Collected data
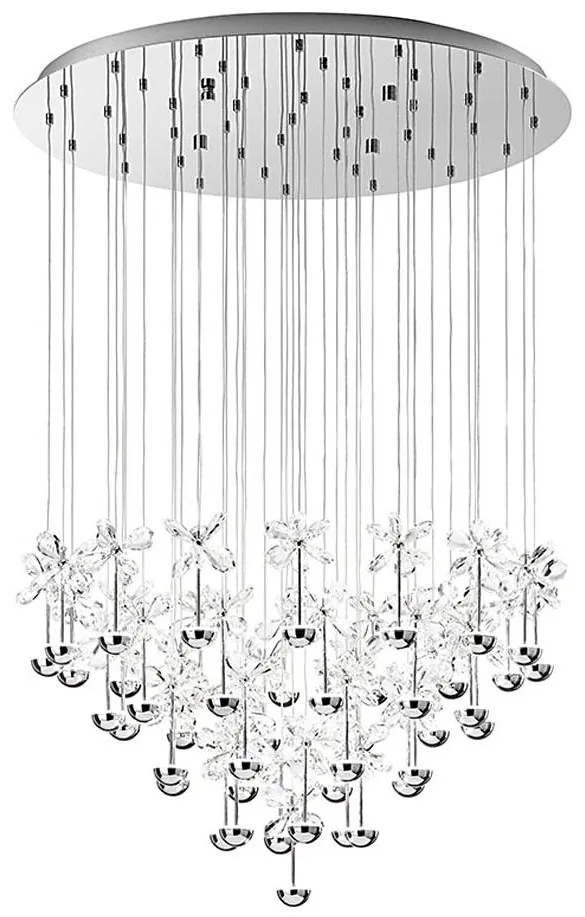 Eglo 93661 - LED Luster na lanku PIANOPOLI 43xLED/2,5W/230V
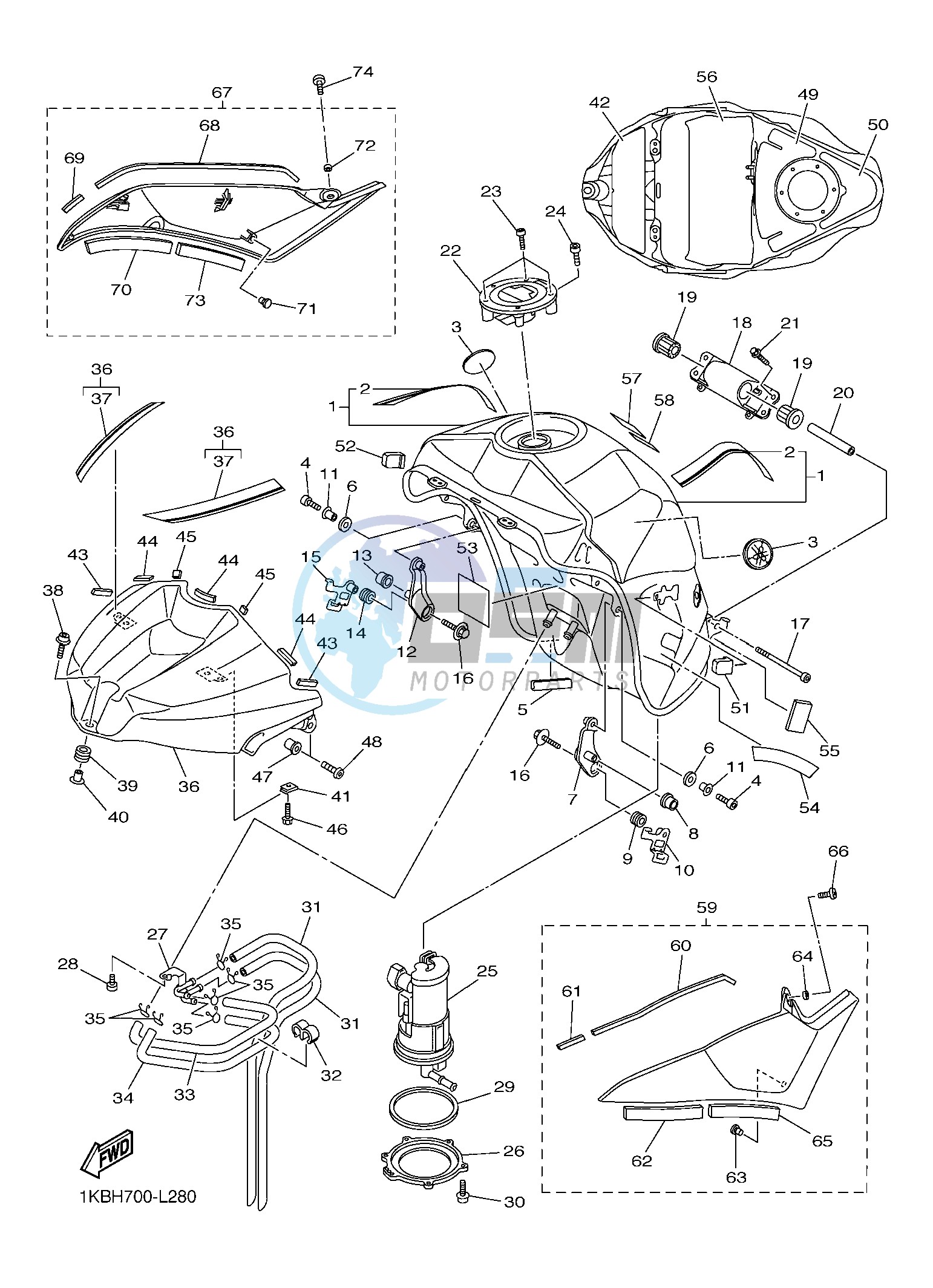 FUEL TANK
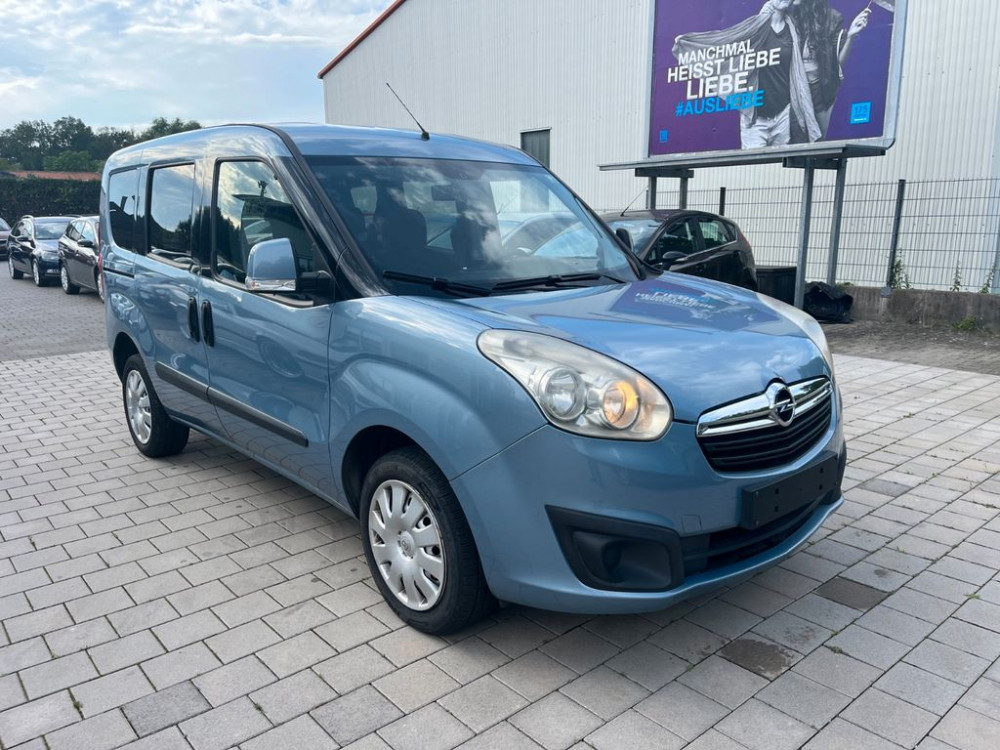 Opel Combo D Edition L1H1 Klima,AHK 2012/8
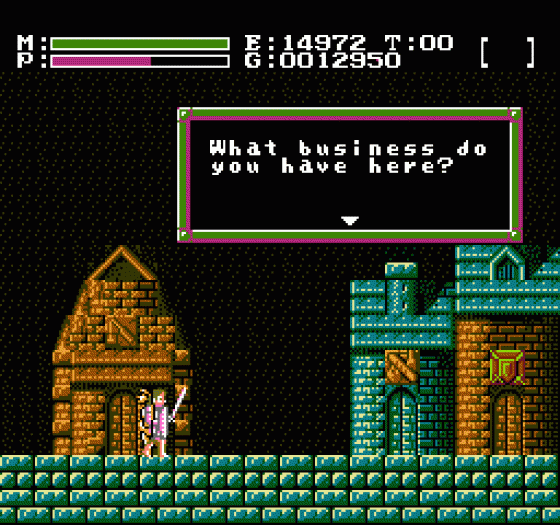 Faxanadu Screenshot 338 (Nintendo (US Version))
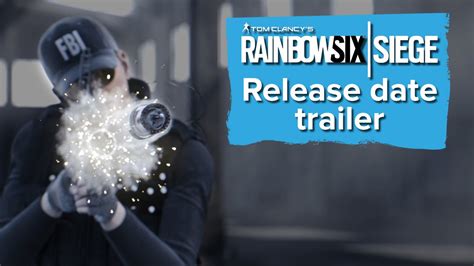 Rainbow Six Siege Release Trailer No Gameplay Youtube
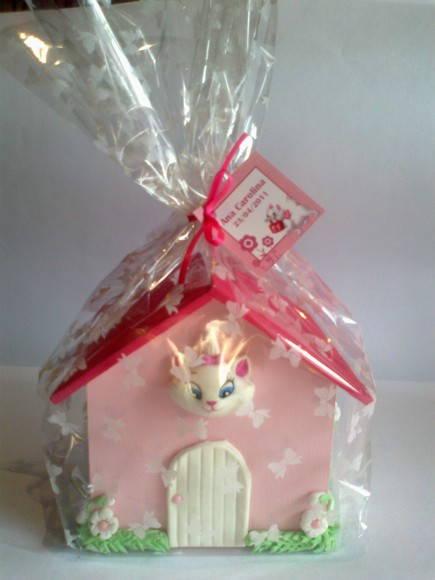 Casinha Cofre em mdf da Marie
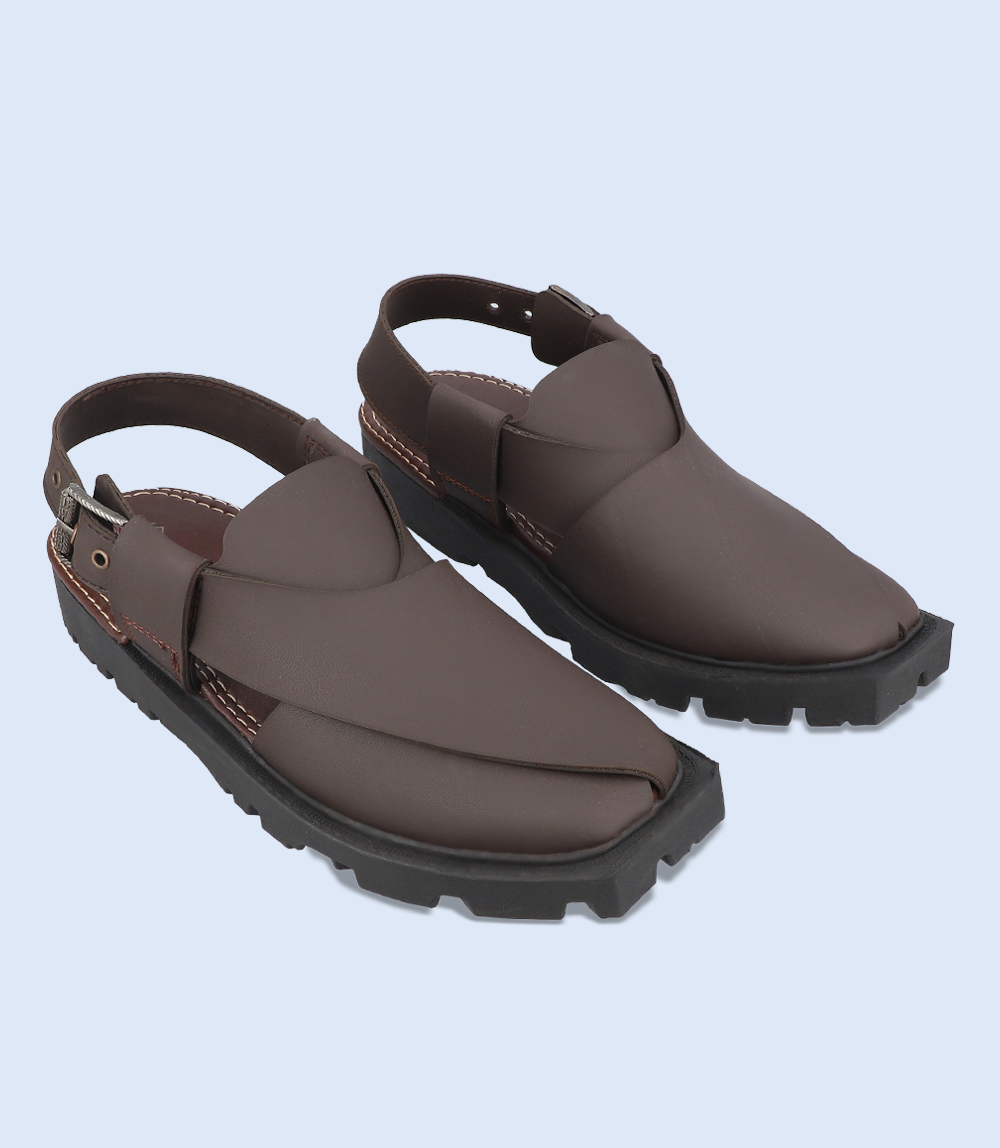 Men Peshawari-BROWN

**What you need to do**
Repeat each line above exactly as it reads, omitting any pictures.

**Your response**
 Eglo 93661 - LED Luster na lanku PIANOPOLI 43xLED/2,5W/230V
 FUEL TANK
 Opel Combo D Edition L1H1 Klima,AHK 2012/8
 Faxanadu Screenshot 338 (Nintendo (US Version))
 Rainbow Six Siege Release Trailer No Gameplay Youtube
 Casinha Cofre em mdf da Marie
 Men Peshawari-BROWN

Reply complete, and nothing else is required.